> **What is needed**
Exactly the lines below from the line with "Fig. 06 - METHOD" through the line with "PALM SPRINGS Mini" must make up the answer, both ends included and pictures left out.
Start of The data
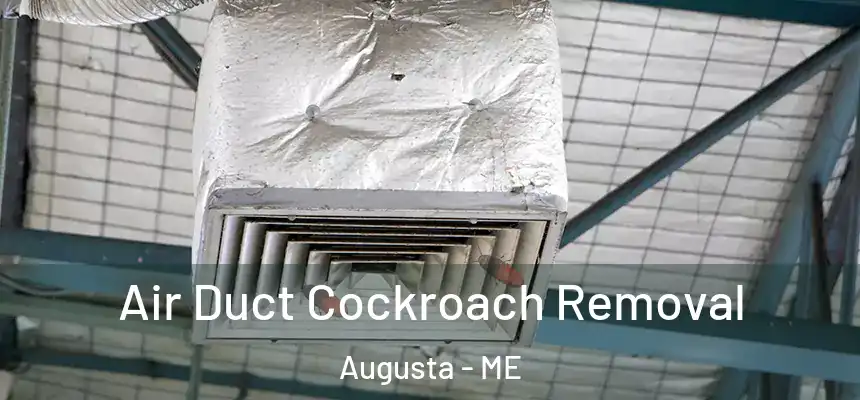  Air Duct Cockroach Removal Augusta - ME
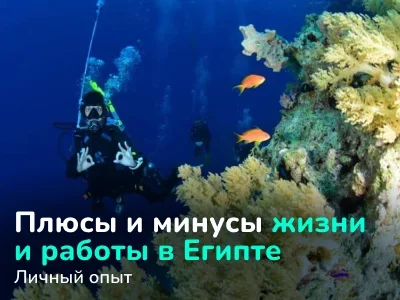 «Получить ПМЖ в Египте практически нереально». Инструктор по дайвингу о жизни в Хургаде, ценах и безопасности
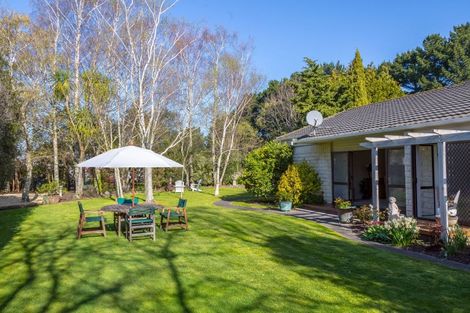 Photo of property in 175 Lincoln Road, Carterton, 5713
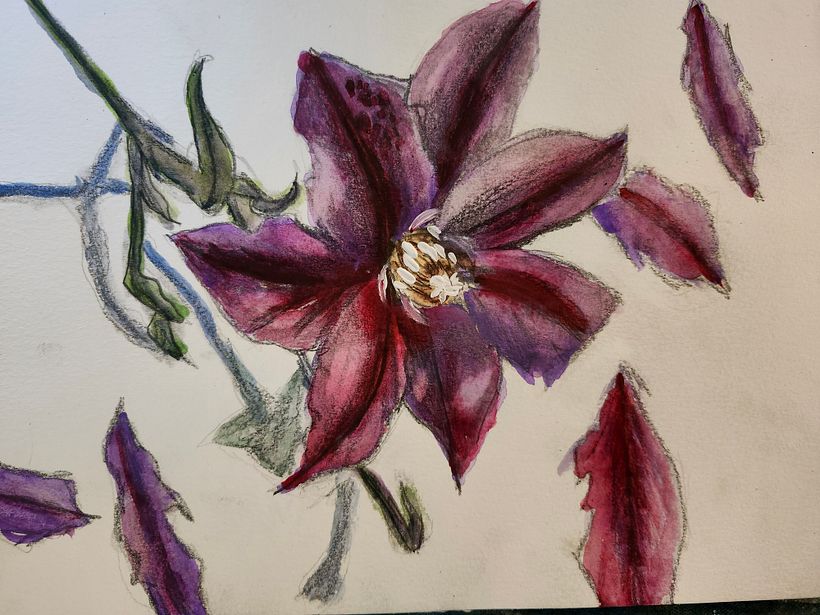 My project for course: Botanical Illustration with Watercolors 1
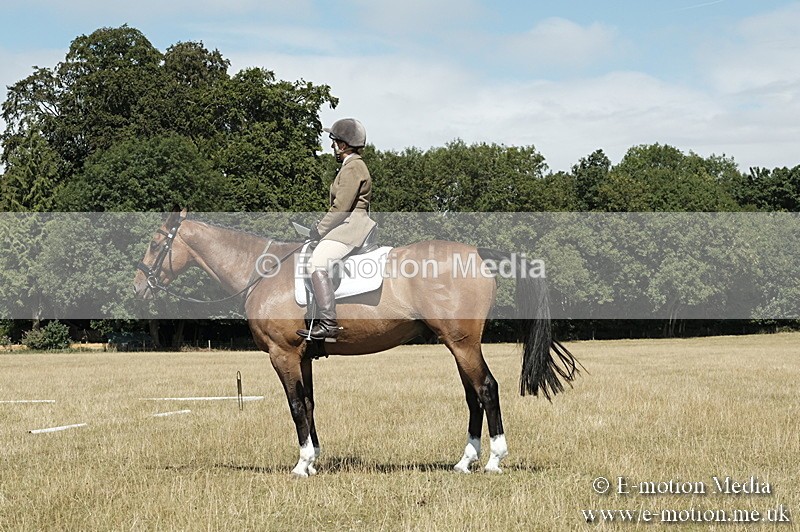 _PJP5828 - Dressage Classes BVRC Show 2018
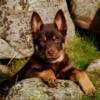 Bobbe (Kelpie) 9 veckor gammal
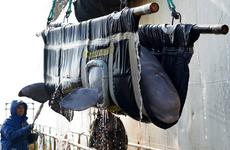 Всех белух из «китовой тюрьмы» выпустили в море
End of The data
Start of The data
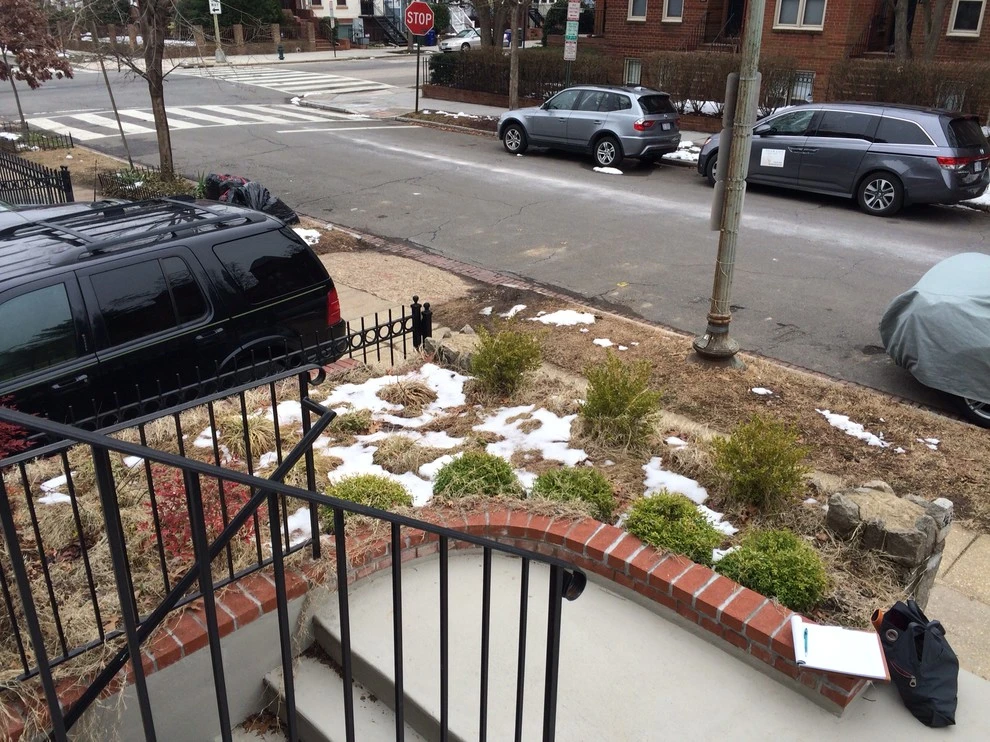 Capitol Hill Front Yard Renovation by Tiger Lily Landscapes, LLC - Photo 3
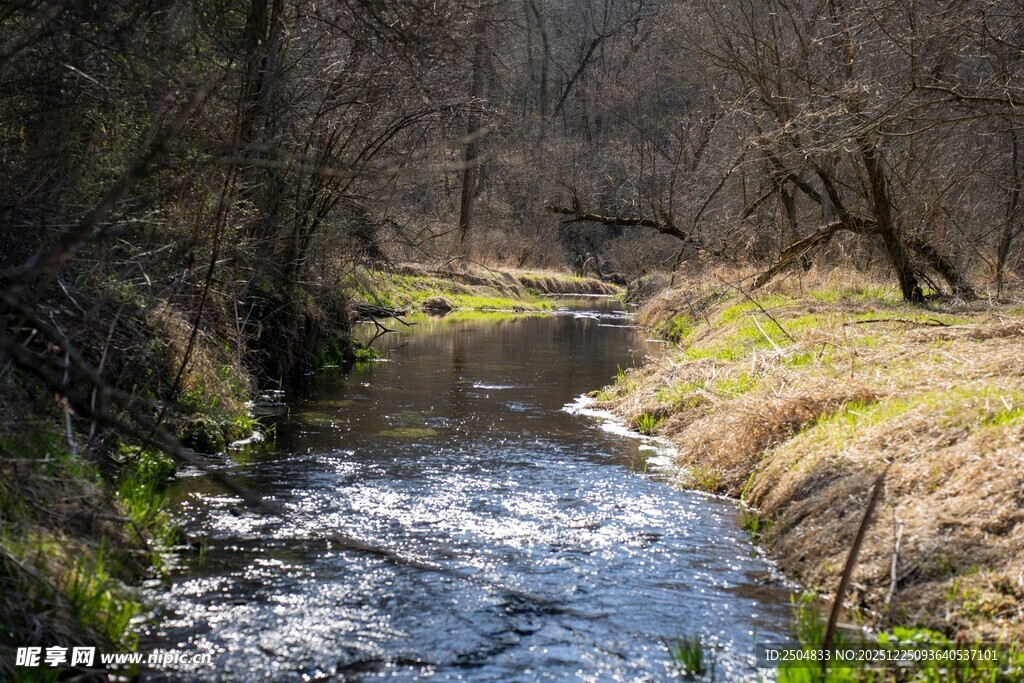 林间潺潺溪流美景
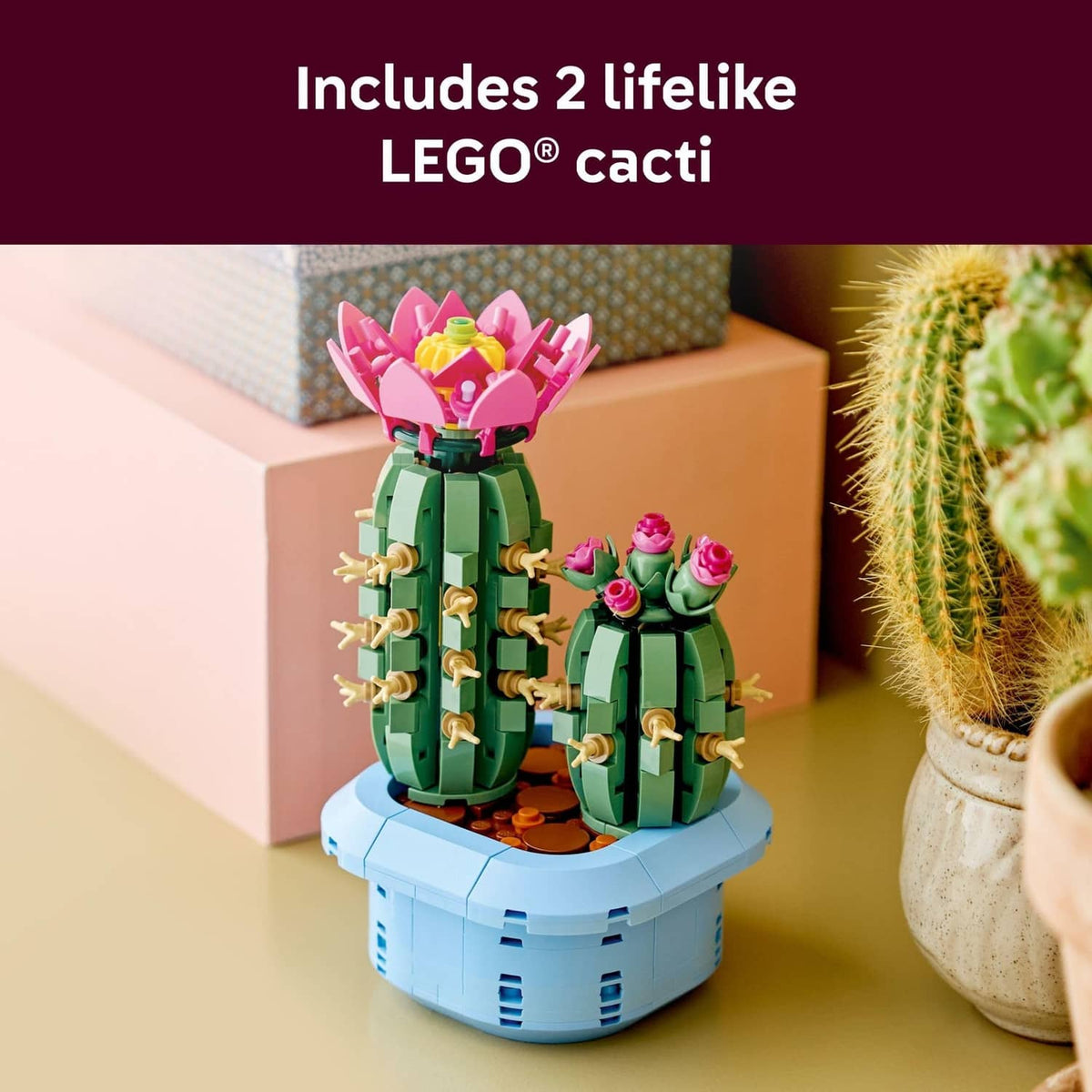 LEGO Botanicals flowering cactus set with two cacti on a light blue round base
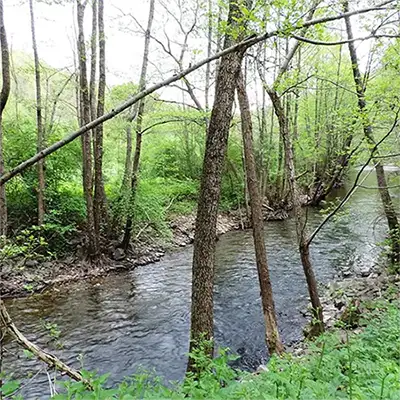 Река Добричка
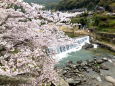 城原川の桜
End of The data
Start of The data
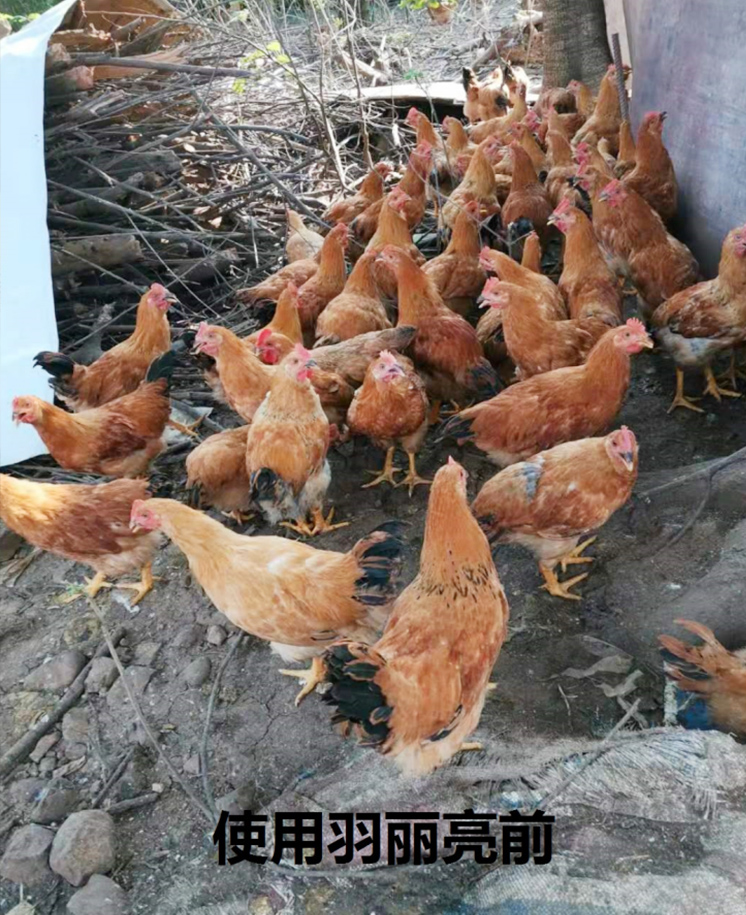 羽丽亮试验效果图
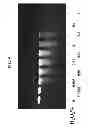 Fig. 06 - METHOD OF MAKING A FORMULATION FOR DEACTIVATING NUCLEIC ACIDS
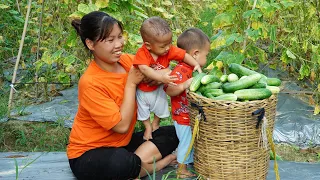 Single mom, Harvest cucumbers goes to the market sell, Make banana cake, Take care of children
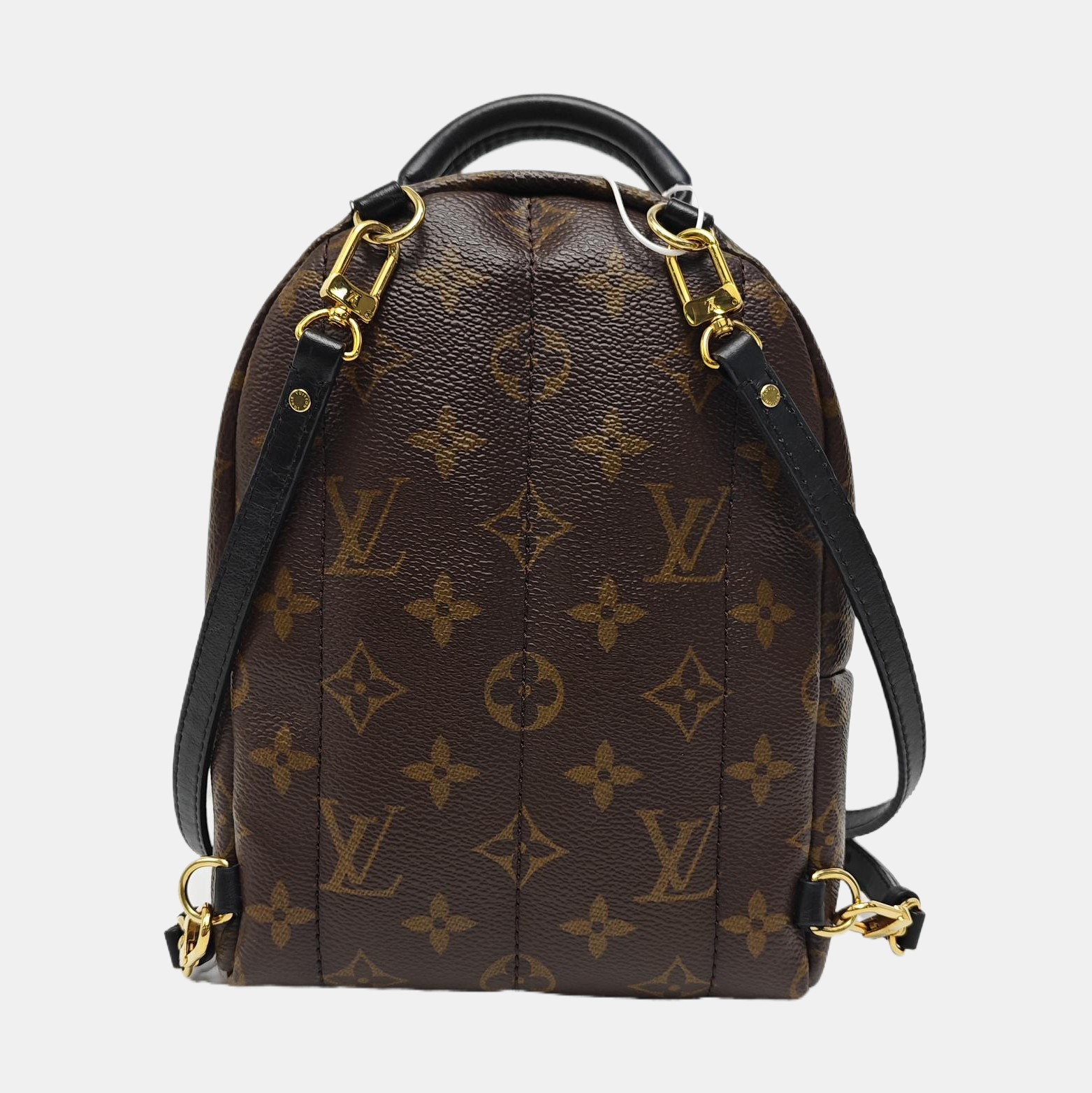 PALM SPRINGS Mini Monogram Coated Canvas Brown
End of The data
> **Answer section**
 Fig. 06 - METHOD OF MAKING A FORMULATION FOR DEACTIVATING NUCLEIC ACIDS
 Single mom, Harvest cucumbers goes to the market sell, Make banana cake, Take care of children
 PALM SPRINGS Mini Monogram Coated Canvas Brown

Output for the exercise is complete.